Hidup Itu Memang Harus Dinikmati

Ayu Fitria N

XI MIPA 2

Bosan. Perasaan itu selalu menghampiriku setiap kali sedang berkumpul dengan
pengurus OSIS yang lain. Seperti halnya hari ini, kami membahas tentang acara yang akan
kami laksanakan dalam 3 minggu ke depan.

Hari ini adalah jadwal kumpul rutin angkatan untuk OSIS angkatan 31 dan sudah bisa
dipastikan, kumpul hari ini akan sangat membosankan. Dengan pembicaraan yang agak
ngalor ngidul, para pengurus yang asik sendiri dengan dunianya, ditambah angin sepoi-sepoi
yang membelai lembut pipiku, membuatku merasa suntuk dan mengantuk.

Beginilah setiap kali kami berkumpul rutin untuk membahas sesuatu yang khusus
untuk angkatan kami saja. Menurutku kumpul angkatan selalu saja menjadi kegiatan yang
paling membosankan dan hanya membuang-buang waktu. Apalagi jika sudah saling
membicarakan sesuatu yang bersifat pribadi atau berubah menjadi tempat untuk ajang curhat.

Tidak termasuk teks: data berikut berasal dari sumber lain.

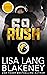Rush (La saga des Nighthawks #5)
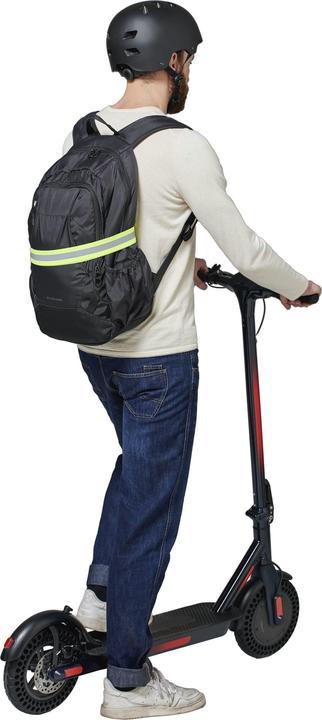 Image du produit Newrban Cellularline Ceinture réfléchissante Jaune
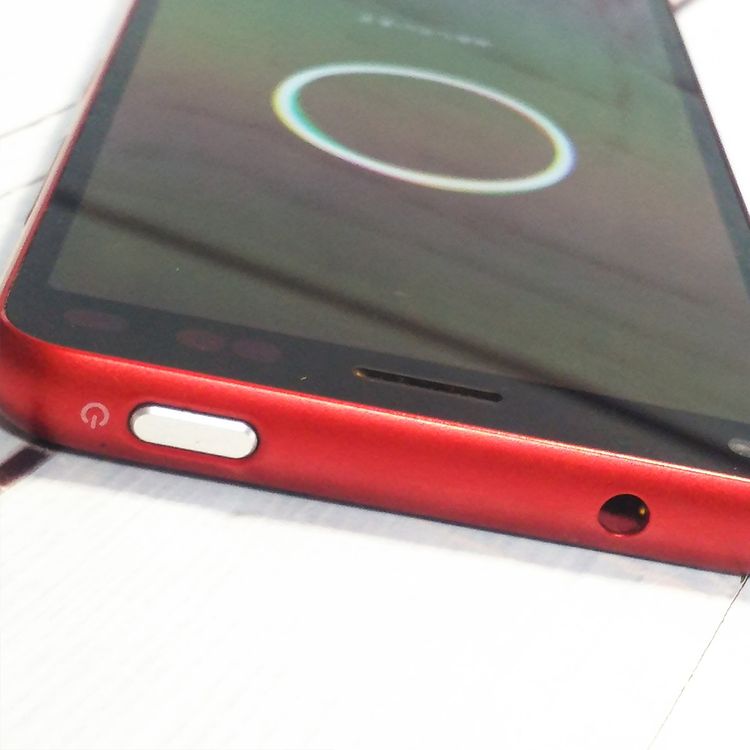 Y!mobile ���󤿤󥹥ޥ�2 A001KC ��å�   889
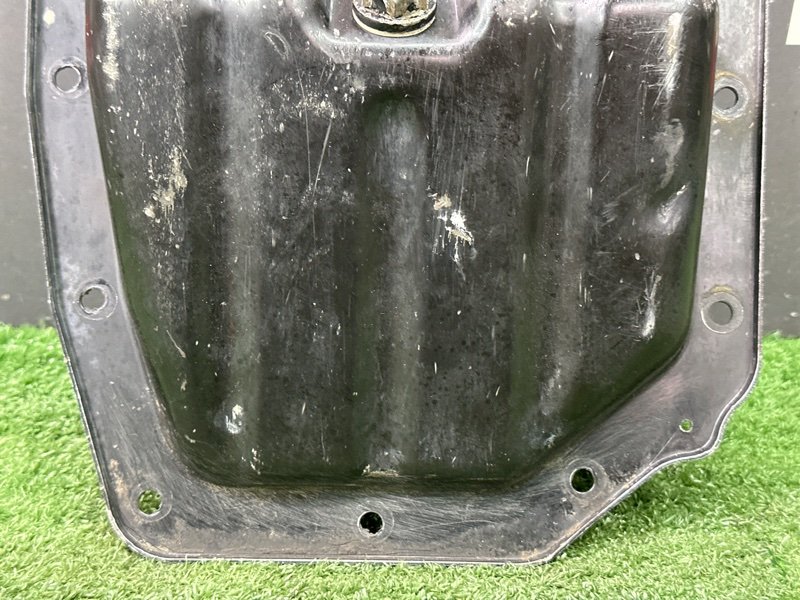 Поддон двигателя Kia Ceed 2 2012 JD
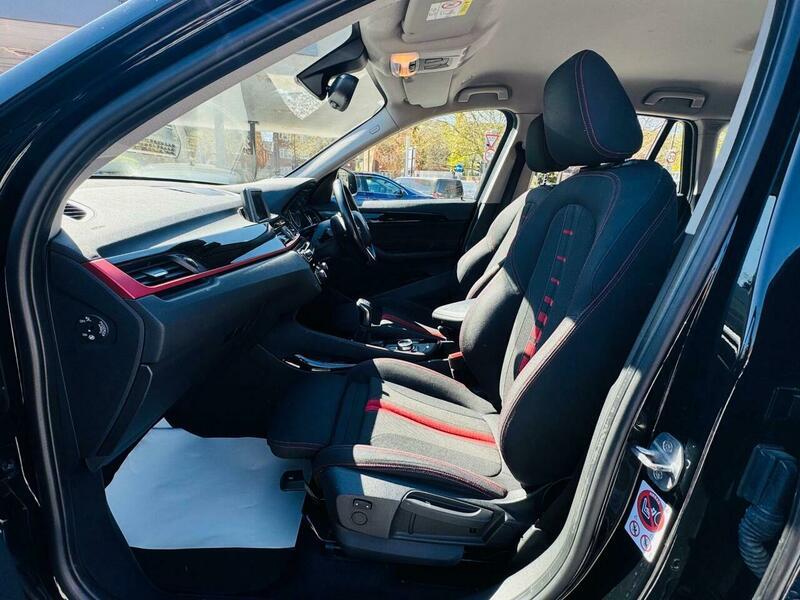 Used BMW X1 2017 for sale - 78185465: Photo 51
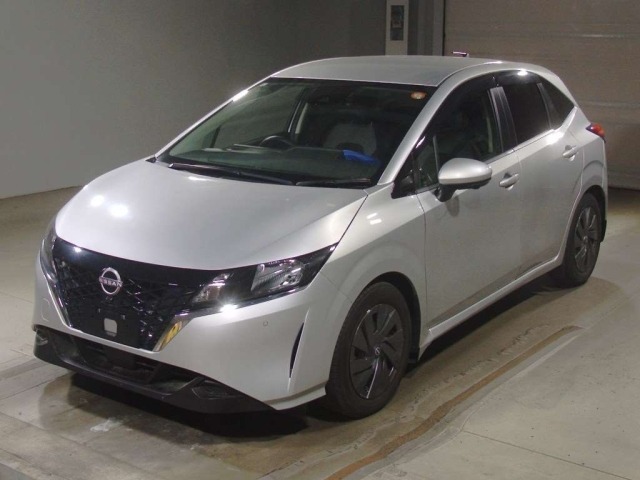 Nissan NOTE 2021 7232110-0
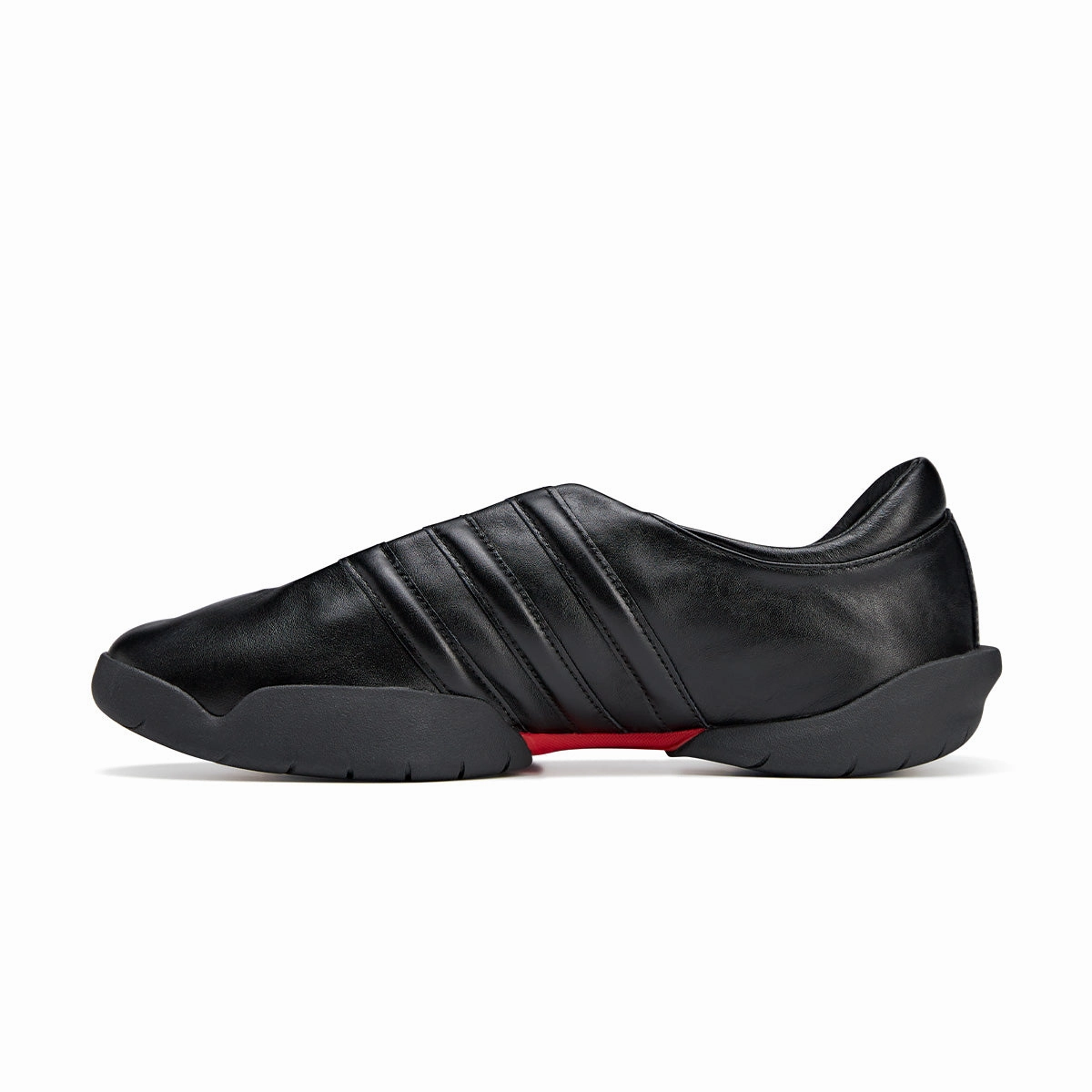 Regu Mary Jane 'Black Better Scarlet' hikers Odor Control Lining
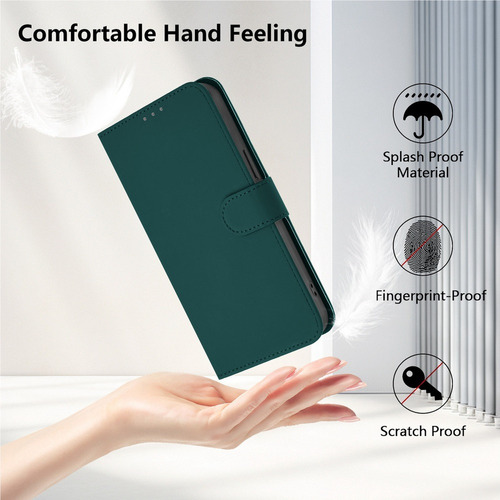 ª Capa De Telefone Para Infinix X657b, Capa De Carteira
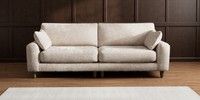 4 Seater Large Sofa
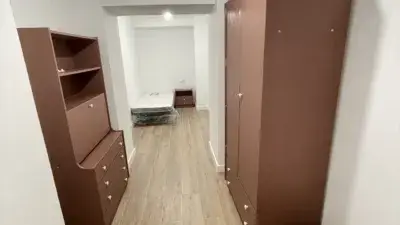 Alquiler Piso Calle Parra 3 Dormitorios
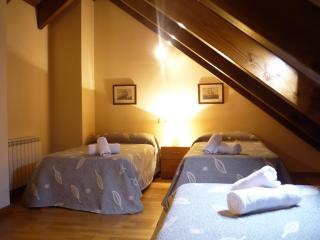Apartament Ca de Gallisca - Pla de l'Ermita - 1
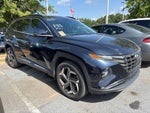 2022 Hyundai Tucson Hybrid Limited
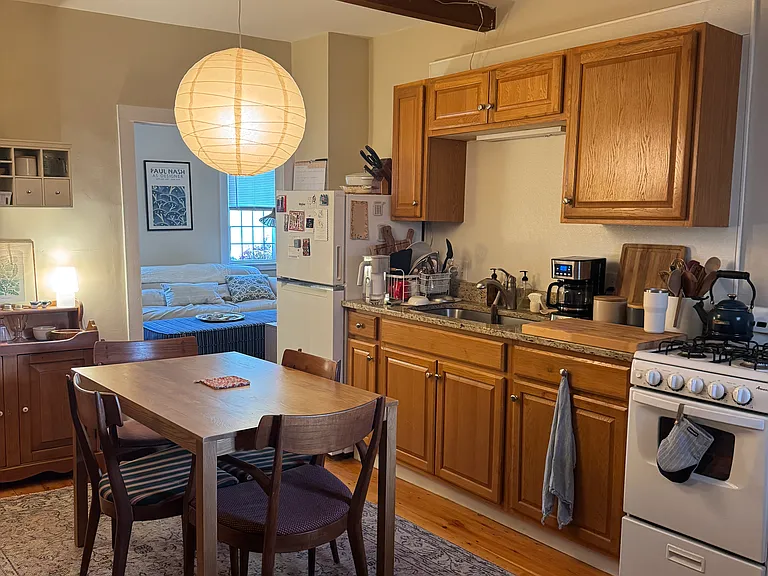 100 Pleasant St #1 — Photo 5
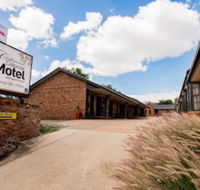 Castlemaine Colonial Motel - Accommodation Sunshine Coast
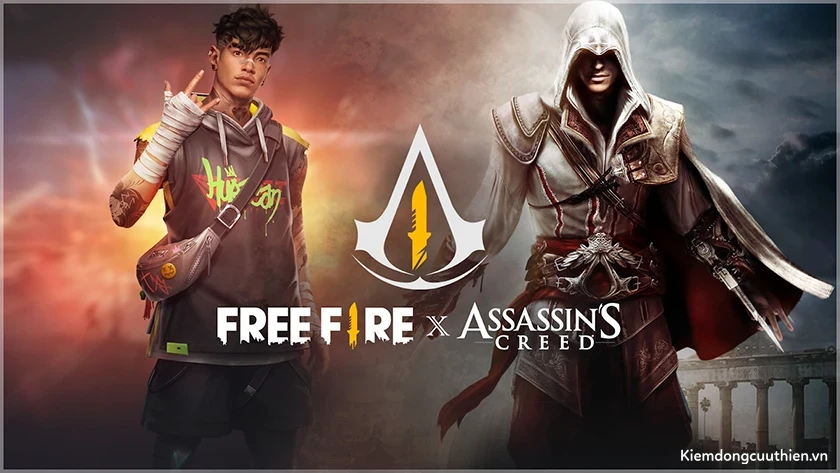 Code Free Fire alok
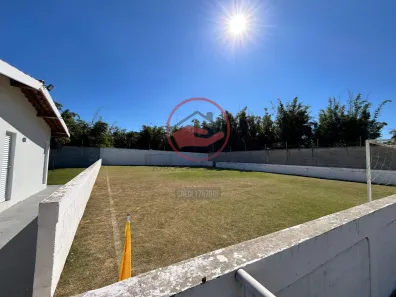 Casa de Condomínio com 4 Quartos à venda, 154m² no Loteamento Parque Vera Cruz, Tremembé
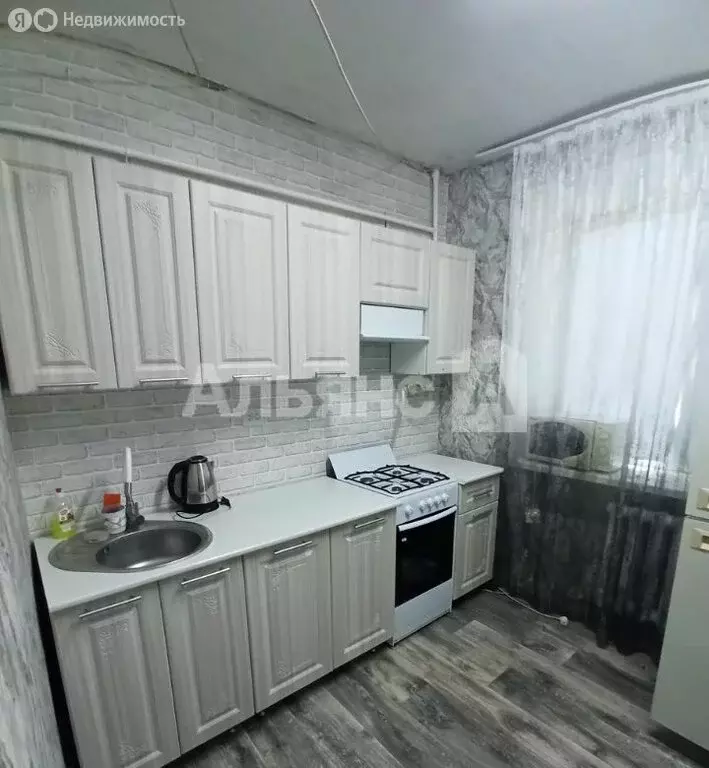 2-комнатная квартира: Донецк, 3-й микрорайон, 28 (47.1 м) - Фото 2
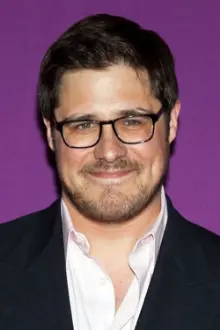 Rich Sommer como: Michael Vaughn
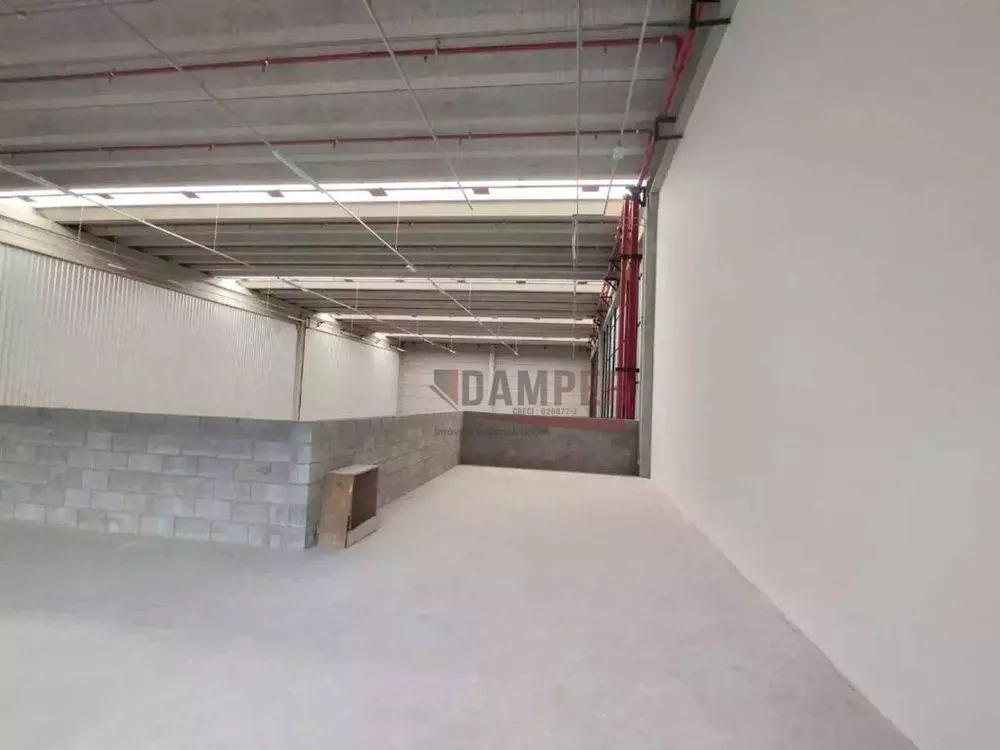 Depósito-Galpão, 1192 m² - Foto 12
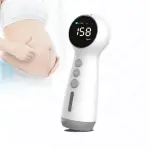 Handheld Digital Fetal Doppler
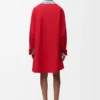 Vestido-camisas em algodão Vestido-camisas em algodão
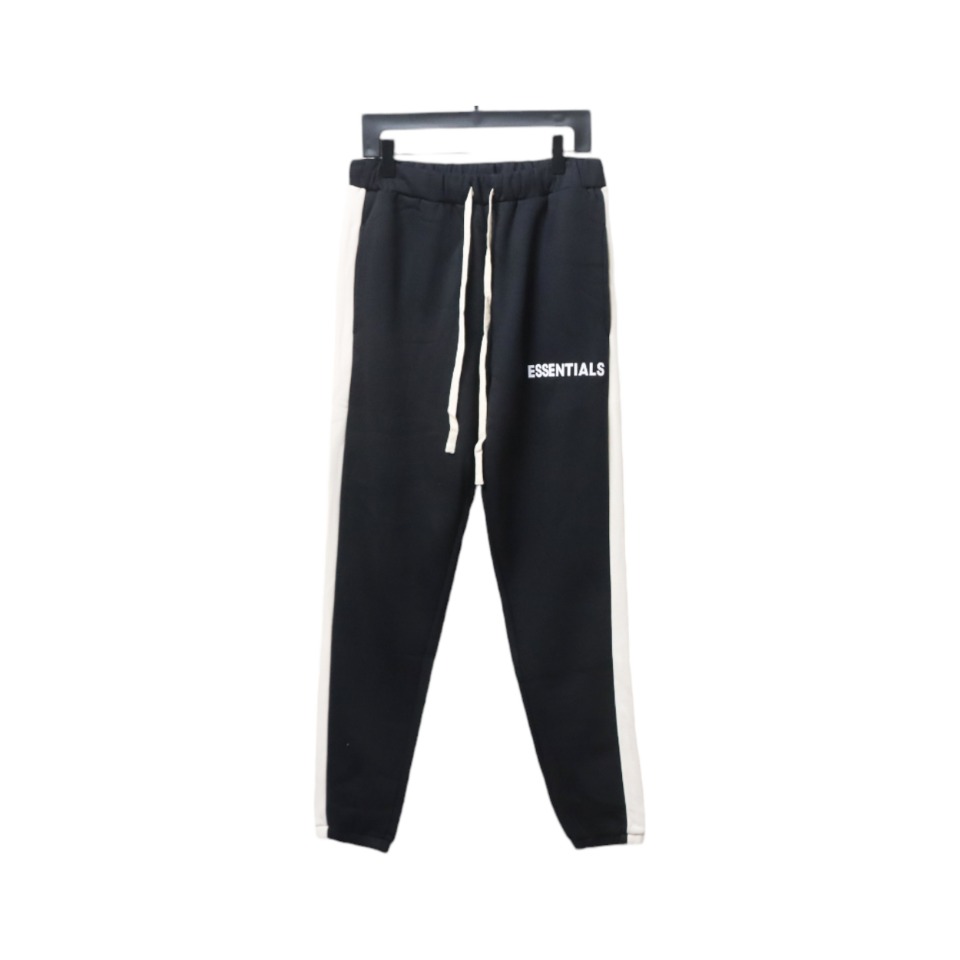 Fear of God Essentials Sweatpants Black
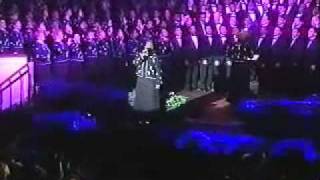 Brooklyn Tabernacle Choir  More Than Enough God Is Working [upl. by Ardra]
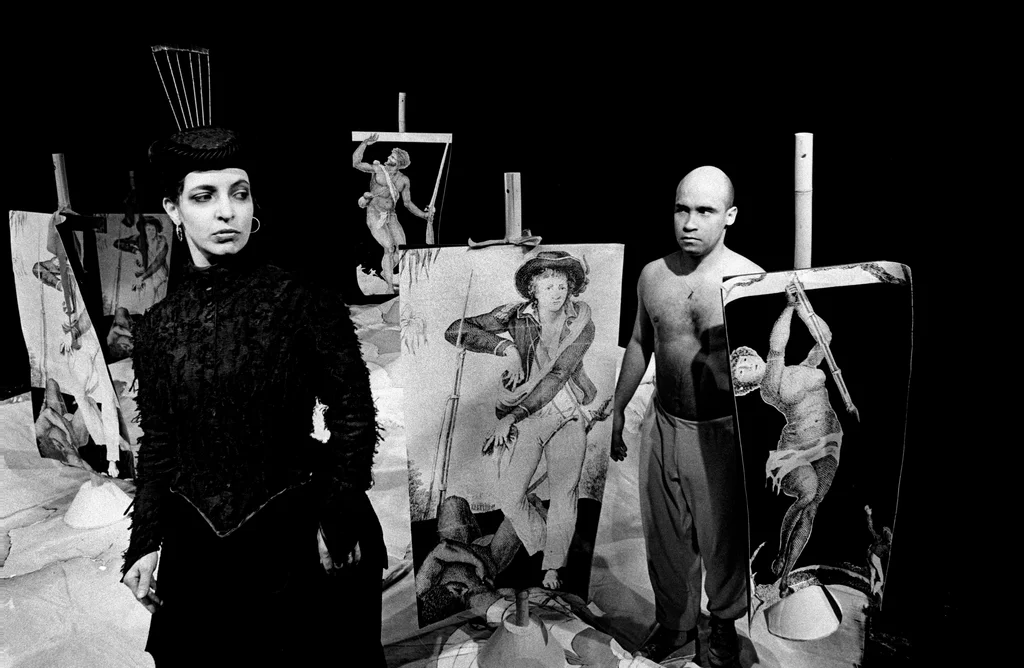 Linked image (De bruine prins_Theatergroep Pruim_Roel Twijnstra_4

Yah, beginilah aku. Selalu menjadi orang dengan kepribadian yang tertutup
dimanapun aku berada. Dari kecil hingga sekarang aku menginjak kelas 2 SMA, kehidupan
monotonku selalu saja terjadi.

Pernah sekali waktu aku membayangkan mempunyai sahabat sejati yang bisa
mengerti tanpa harus aku bercerita. Memahami meski lewat tatapan mata dalam kebisuan.
Teman yang selalu ada di saat aku membutuhkannya dan dia juga membutuhkanku, bukan
untuk saling memanfaatkan. Tapi itu semua hanya impian yang entah sampai kapan hanya
menjadi angan-anganku saja.

Sejak kecil, aku memang dididik untuk tidak pernah bercerita tentang apapun kepada
siapapun. Untuk sekedar menulis di buku diary saja tidak diizinkan, apalagi menangis.
Memang aku di ajarkan untuk menjadi orang yang mandiri dan kuat tanpa harus mempunyai
perasaan yang mendalam terhadap siapapun. Bahkan untuk menanam perasaan rindupun tak
boleh. Tapi aku juga manusia yang seorang makhluk sosial. Masih membutuhkan orang lain.
Dan aku sadar bahwa selama ini, hakku sudah dilanggar. Hak asasi manusiaku yang malang.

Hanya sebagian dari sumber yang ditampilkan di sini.